Suppose I select a die from the box at random, roll it, and get a six. 

#### Question

What is the probability that I rolled each die if I got a 6?

The approach is to define my hypotheses, my data, and likelihood function.

#### Hypothesis

I rolled a 4, 6, 8, 12, or 20-sided die. For example, a 4-sided die is a hypothesis. You're are making a statement about the die you are rolling, which you want to test.

Here, we have 5 hypotheses. 

We initially assume that there's an equally likely chance of rolling a 4-sided die, a 6-sided die, etc. 

This initial assumption is called our **prior**. Because each of the N = 5 hypotheses are equally likely, each has a probability of 1 / N or 0.2 chance of being rolled.

In [41]:
hypos = [4,6,8,12,20]

priors = [0.2]

tmp = []
for x in it.product(hypos,priors):
    tmp.append(x)
    
print pd.DataFrame(tmp,columns=['H',"P(H)"])

    H  P(H)
0   4   0.2
1   6   0.2
2   8   0.2
3  12   0.2
4  20   0.2


Our data we have collected is a die roll that gives a 6

In [42]:
data = np.arange(1,21).tolist()
data

[1, 2, 3, 4, 5, 6, 7, 8, 9, 10, 11, 12, 13, 14, 15, 16, 17, 18, 19, 20]

Let's make a dataframe that puts our hypotheses, priors and data all together. 

In [43]:
lstoflsts = []

for hypo in hypos:
    for prior in priors:
        for d in data:
            lst = [hypo,prior,d]
            lstoflsts.append(lst)
            
df = pd.DataFrame(lstoflsts,columns=['H','P(H)','D'])
print df.shape
df.head()

(100, 3)


Unnamed: 0,H,P(H),D
0,4,0.2,1
1,4,0.2,2
2,4,0.2,3
3,4,0.2,4
4,4,0.2,5


I can also calculate the probability of my data, which is just 1/N where N is the length of my data.

In [44]:
np.repeat((1 / len(data)),len(df['D']))
1/20

0

The question is, for the data I've collected, what is the probability of rolling each die?

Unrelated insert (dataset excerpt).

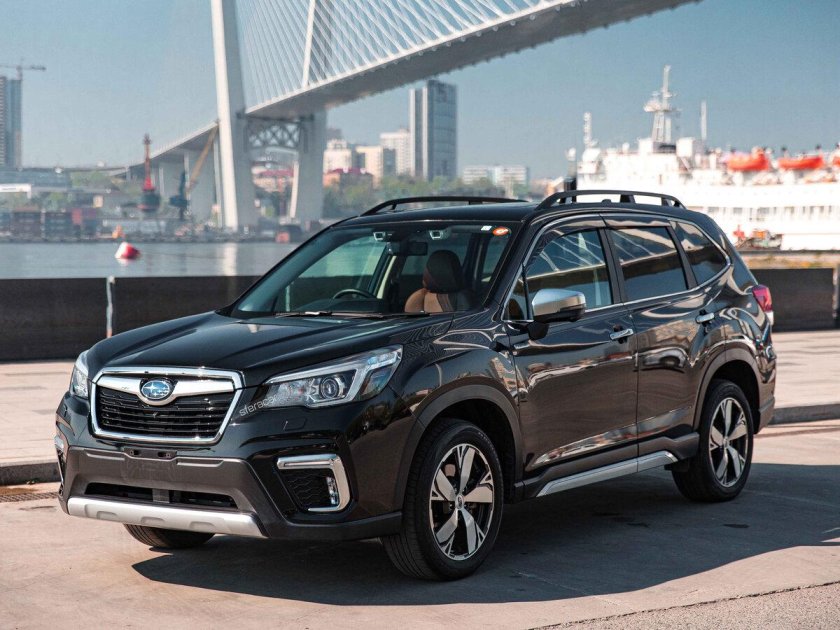 Субару форестер 2019 года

To determine the probability, I need to calculuate the likelihood.

The likelihood is just the raw frequency of occurrence.

For example, the likelihood of rolling a 3 from a 6 sided die is 1/6, 1/8 from a 8 sided die, and so on. 

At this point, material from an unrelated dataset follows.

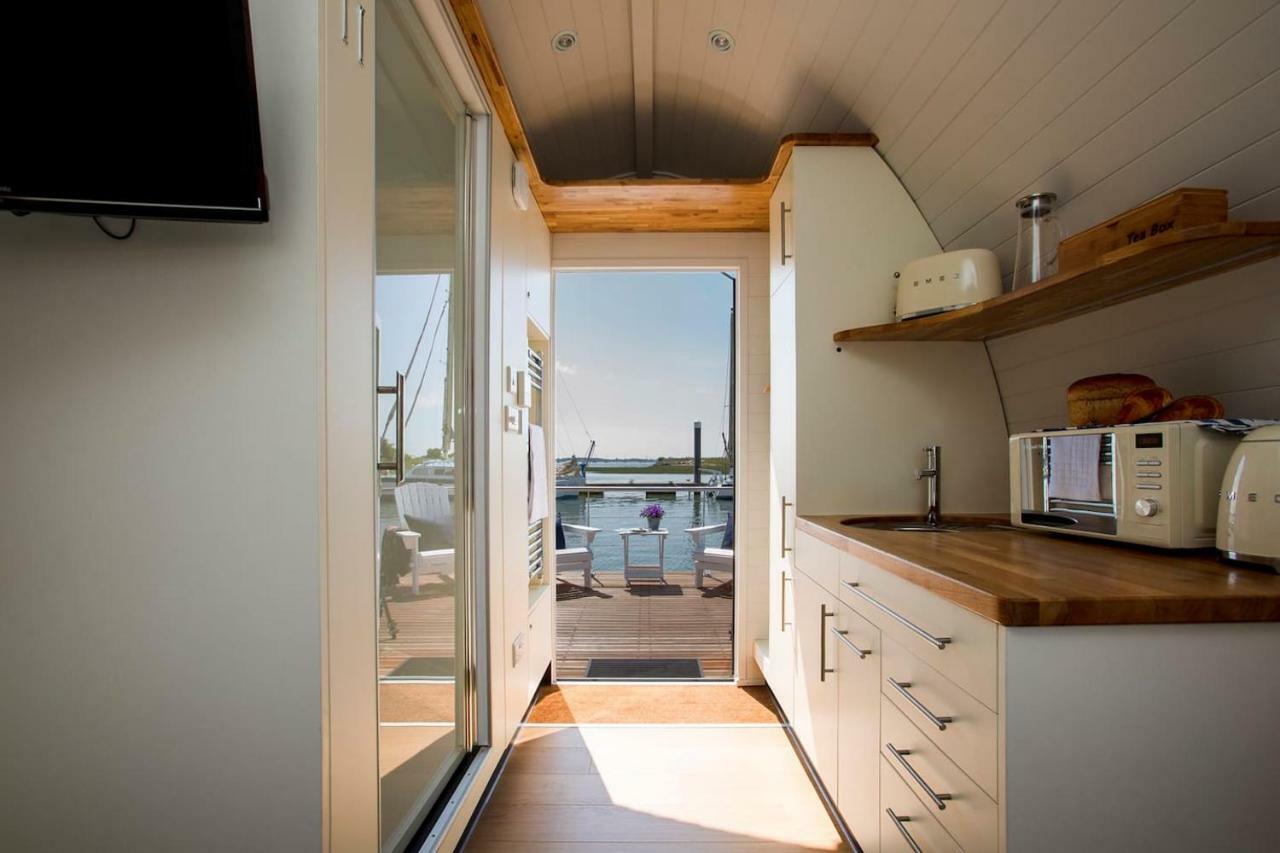 Hotel Sea Breeze Ark 900 Emsworth Exterior foto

Let's add the likelihood of the data given the hypotheses to our dataframe.

In [24]:
likelihood = []
df2 = df.copy()
for i in range(df.shape[0]):
    h = df.iloc[i]['H']
    d = df.iloc[i]['D']
    if h < d:
        likelihood.append(0)
    if h >= d:
        p = df.iloc[i]['P(H)']
        likelihood.append(1.0/h)

df2['P(D|H)'] = likelihood
df2.head()

Unnamed: 0,H,P(H),D,P(D),P(D|H)
0,4,0.2,1,0.05,0.25
1,4,0.2,2,0.1,0.25
2,4,0.2,3,0.15,0.25
3,4,0.2,4,0.2,0.25
4,4,0.2,5,0.25,0.0


Now we can derive what is the probability of the hypotheses given the data we observe. This is our **posterior**. You can think of this value as an _update_ to our prior. Our prior assigned a probability to each hypothesis being true, but was very generic. Our _posterior_ gives a better value for the hypothesis because it's influenced by what we actually observe.

In [26]:
num = (df2['P(H)'].values * df2['P(D|H)'].values)
denom = df2['P(D)']
posterior = num 
df2['P(H|D)'] = posterior.tolist()
df2.head()

Unnamed: 0,H,P(H),D,P(D),P(D|H),P(H|D)
0,4,0.2,1,0.05,0.25,0.05
1,4,0.2,2,0.1,0.25,0.05
2,4,0.2,3,0.15,0.25,0.05
3,4,0.2,4,0.2,0.25,0.05
4,4,0.2,5,0.25,0.0,0.0


Back to the original question, for getting a 6, what is the probability that I rolled a 4, 6, 8, 12, or 20 sided die?

In [10]:
df2.query(' D == 6 ')

Unnamed: 0,H,P(H),D,P(D),P(D|H),P(H|D)
5,4,0.2,6,0.05,0.0,0.0
25,6,0.2,6,0.05,0.166667,0.666667
45,8,0.2,6,0.05,0.125,0.5
65,12,0.2,6,0.05,0.083333,0.333333
85,20,0.2,6,0.05,0.05,0.2


You can see how the prior, P(H), changed to the posterior, P(H|D).